Schmitt, Carl. 2005. Political Theology: Four Chapters on the Concept of Sovereignty. Chicago: University of Chicago Press.
Schmitt defines the essence of sovereignty as the decision over what is an exception and decide the measures taken to eliminate such an exception. The state of exception is both the monopolistic domain of the sovereign and reveals the sovereign itself. But sovereignty, too, then, is also he who defines what’s “the normal.” As Schmitt writes, “for a legal system to make sense, a normal situation must exist, and he is sovereign who definitely decides whether this normal situation actually exists” (13). The preservation of the normal is precisely the rationale for which the exception is instituted. As such, sovereignty is an inherent theory of the state: “The state suspends the law in the exception on the basis of its right of self-preservation, as one would say” (12). Our coupling of law and order (“Law and Order” soundtrack: bom pom pom pom puuuum) are completely unbundled by Schmitt (12).
Decision is the key conceptual/practical hinge for his political theory. Since “the political” for Schmitt is exercised on the basis of a friend/enemy distinction (both between and within states), sovereign power has to be monopolized by a single actor that is simultaneously “outside” the legal system, but still part of it (7). The Forward cites Schmitt other book on political theology: “today one can no longer define politics in terms of the State,” as I would argue Weber did, “on the contrary what we can still call the State today must inversely be defined and understood from the political” (xv). Otherwise, the friend/enemy “political” is mired as a Hobbesian war of all against all. “But sovereignty (and thus the state itself) resides in deciding this controversy, tat is, in determining definitively what constitutes public order and security, in determining when they are disturbed, and so on” (9). The exception is almost an escape hatch to reset the conditions in which the political can proceed without putting the state itself under threat.

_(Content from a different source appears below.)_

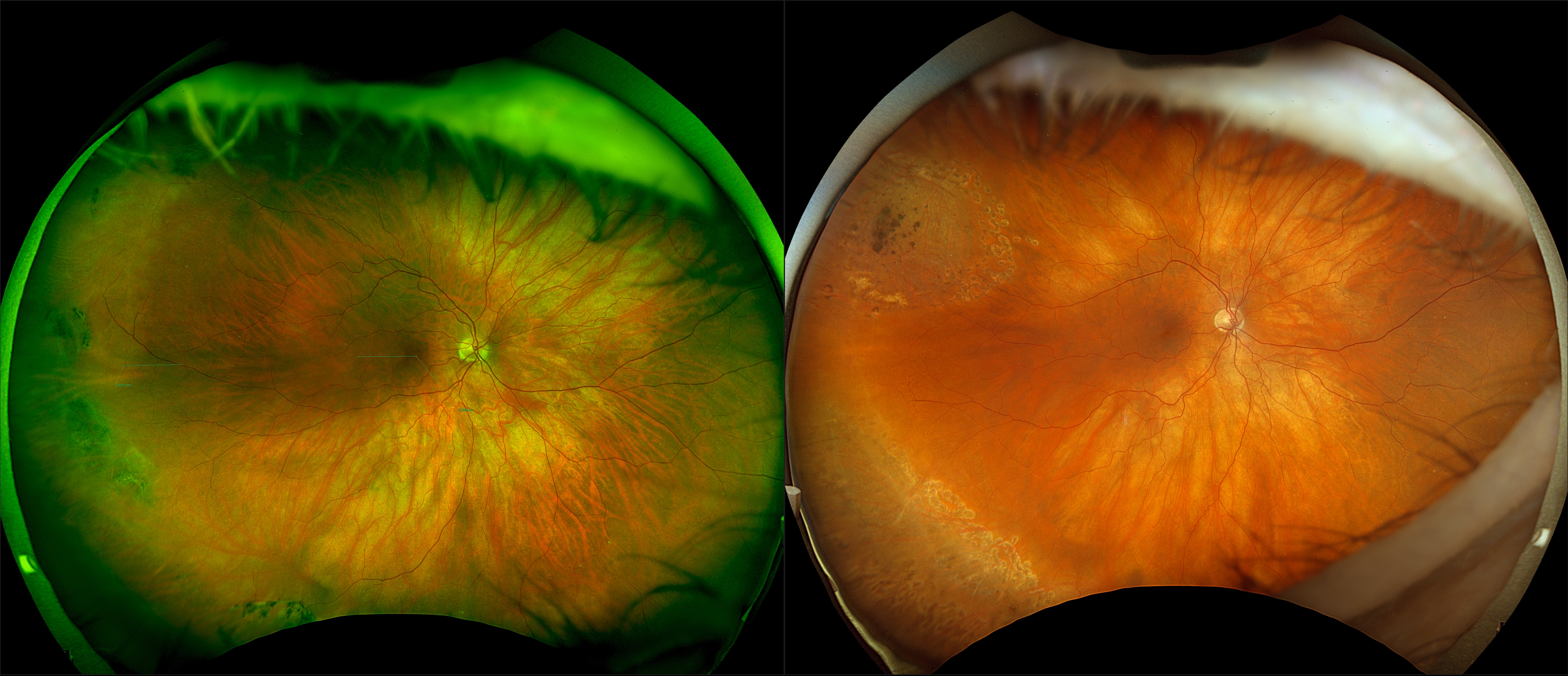 California - Peripheral Retinal Degeneration, RG, RGB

In distinction from the liberal view, Schmitt explicitly argues against the state’s role being the eliminator of conflict and the political, but rather the means through which order and security are not the cost of these antagonistic relations. He writes: “Today nothing is more modern than the onslaught against the political,” finding socialists, anarchists, and liberals all guilty on this point. Sarcastically parroting them, he continues, “There must no longer be political problems, only organizational-technical and economic-sociological ones” (65). Another reason Schmitt argues against the liberal view is that he says liberal normativism (namely constitutions) cannot foresee the contingent events that necessitate the suspension of the law in the interest of preserving the state itself. The most a constitution can provide is a delineation of who decides (7).
However, an important point to note is that Schmitt claims at the end of the book that the exception is not dictatorial because it still has some legitimate basis. He gives legitimacy a democratic spin (51). He credits Donoso Cortés with basically saying that people are so vile that they cannot be expected, much less collectively as in the liberal frame, to be afforded such democratic privileges. Bourgeois liberalism, Donoso Cortés said, was simply a bunch of people talking their ears off, never coming to the critical moment of decision. Schmitt cuts the book off at a point in which he would logically provide an alternative, but doesn’t.
And it is the legitimacy question that seems to be what his later book the Nomos of the Earth is trying to answer: What makes a sovereign legitimate? He answers the question by pointing to the bracketing of war by states and the related centrality of land-appropriation in creating a secure spatial order, a nomos. A stable (though not conflict-less) nomos is seen by Schmitt as both an internal (to Europe, to states) and an external order (between states and continents). Quoting from Schmitt’s Concept of the Political, the translator notes, “Every norm presupposes a normal situation, and no norm can be valid in an entirely abnormal situation. As long as a state is a political entity, this requirement for internal peace compels it in critical situations to decide also upon the domestic enemy (p. 46).”
Schmitt credits the emergence of statehood as what accomplished the singular achievements of both the securalization of theological concepts into political ones (Political Theology) as well as the bracketing of war (Nomos of the Earth) and the distinction between (just) enemies and criminals or rebellion. Without the constitution of just enemies, war would remain a military relation of annihilation.